Your assignment: All that is wanted is a word-for-word copy of the data from its first line to the line containing "Text lists the", both included.

Source information: Begin

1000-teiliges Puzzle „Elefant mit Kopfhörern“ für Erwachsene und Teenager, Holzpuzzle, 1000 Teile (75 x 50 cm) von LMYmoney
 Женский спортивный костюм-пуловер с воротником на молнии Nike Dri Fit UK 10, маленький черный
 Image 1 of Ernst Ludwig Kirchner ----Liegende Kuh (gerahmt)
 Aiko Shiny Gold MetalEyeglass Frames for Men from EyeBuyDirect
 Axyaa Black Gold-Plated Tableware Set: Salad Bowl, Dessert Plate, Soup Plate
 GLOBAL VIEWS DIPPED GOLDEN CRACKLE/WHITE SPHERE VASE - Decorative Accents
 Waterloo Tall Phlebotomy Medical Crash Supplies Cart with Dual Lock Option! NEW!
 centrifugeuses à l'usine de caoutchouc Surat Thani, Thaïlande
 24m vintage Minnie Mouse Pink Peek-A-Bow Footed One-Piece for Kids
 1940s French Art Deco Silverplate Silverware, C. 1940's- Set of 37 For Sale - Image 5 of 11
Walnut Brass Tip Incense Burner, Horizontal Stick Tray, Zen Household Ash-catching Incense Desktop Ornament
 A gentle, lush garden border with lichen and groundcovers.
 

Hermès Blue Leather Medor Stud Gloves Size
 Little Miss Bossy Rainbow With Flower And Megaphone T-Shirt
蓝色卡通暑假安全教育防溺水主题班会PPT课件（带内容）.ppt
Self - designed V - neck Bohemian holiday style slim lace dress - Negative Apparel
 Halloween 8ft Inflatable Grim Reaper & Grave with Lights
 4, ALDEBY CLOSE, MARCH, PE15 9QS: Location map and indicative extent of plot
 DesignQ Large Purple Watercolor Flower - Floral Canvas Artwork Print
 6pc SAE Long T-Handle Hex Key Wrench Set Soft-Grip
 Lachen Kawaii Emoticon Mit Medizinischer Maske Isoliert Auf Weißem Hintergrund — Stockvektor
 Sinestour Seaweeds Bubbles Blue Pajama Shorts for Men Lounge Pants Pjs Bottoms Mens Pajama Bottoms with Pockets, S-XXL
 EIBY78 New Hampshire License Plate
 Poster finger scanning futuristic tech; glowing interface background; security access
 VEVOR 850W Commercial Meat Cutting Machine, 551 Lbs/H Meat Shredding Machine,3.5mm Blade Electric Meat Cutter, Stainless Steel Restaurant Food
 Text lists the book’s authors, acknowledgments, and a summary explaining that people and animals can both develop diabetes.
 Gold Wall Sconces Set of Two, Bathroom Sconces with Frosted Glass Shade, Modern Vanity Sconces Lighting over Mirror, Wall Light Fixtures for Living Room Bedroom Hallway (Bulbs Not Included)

Source information: End

Task output:
1000-teiliges Puzzle „Elefant mit Kopfhörern“ für Erwachsene und Teenager, Holzpuzzle, 1000 Teile (75 x 50 cm) von LMYmoney
 Женский спортивный костюм-пуловер с воротником на молнии Nike Dri Fit UK 10, маленький черный
 Image 1 of Ernst Ludwig Kirchner ----Liegende Kuh (gerahmt)
 Aiko Shiny Gold MetalEyeglass Frames for Men from EyeBuyDirect
 Axyaa Black Gold-Plated Tableware Set: Salad Bowl, Dessert Plate, Soup Plate
 GLOBAL VIEWS DIPPED GOLDEN CRACKLE/WHITE SPHERE VASE - Decorative Accents
 Waterloo Tall Phlebotomy Medical Crash Supplies Cart with Dual Lock Option! NEW!
 centrifugeuses à l'usine de caoutchouc Surat Thani, Thaïlande
 24m vintage Minnie Mouse Pink Peek-A-Bow Footed One-Piece for Kids
 1940s French Art Deco Silverplate Silverware, C. 1940's- Set of 37 For Sale - Image 5 of 11
Walnut Brass Tip Incense Burner, Horizontal Stick Tray, Zen Household Ash-catching Incense Desktop Ornament
 A gentle, lush garden border with lichen and groundcovers.
 

Hermès Blue Leather Medor Stud Gloves Size
 Little Miss Bossy Rainbow With Flower And Megaphone T-Shirt
蓝色卡通暑假安全教育防溺水主题班会PPT课件（带内容）.ppt
Self - designed V - neck Bohemian holiday style slim lace dress - Negative Apparel
 Halloween 8ft Inflatable Grim Reaper & Grave with Lights
 4, ALDEBY CLOSE, MARCH, PE15 9QS: Location map and indicative extent of plot
 DesignQ Large Purple Watercolor Flower - Floral Canvas Artwork Print
 6pc SAE Long T-Handle Hex Key Wrench Set Soft-Grip
 Lachen Kawaii Emoticon Mit Medizinischer Maske Isoliert Auf Weißem Hintergrund — Stockvektor
 Sinestour Seaweeds Bubbles Blue Pajama Shorts for Men Lounge Pants Pjs Bottoms Mens Pajama Bottoms with Pockets, S-XXL
 EIBY78 New Hampshire License Plate
 Poster finger scanning futuristic tech; glowing interface background; security access
 VEVOR 850W Commercial Meat Cutting Machine, 551 Lbs/H Meat Shredding Machine,3.5mm Blade Electric Meat Cutter, Stainless Steel Restaurant Food
 Text lists the book’s authors, acknowledgments, and a summary explaining that people and animals can both develop diabetes.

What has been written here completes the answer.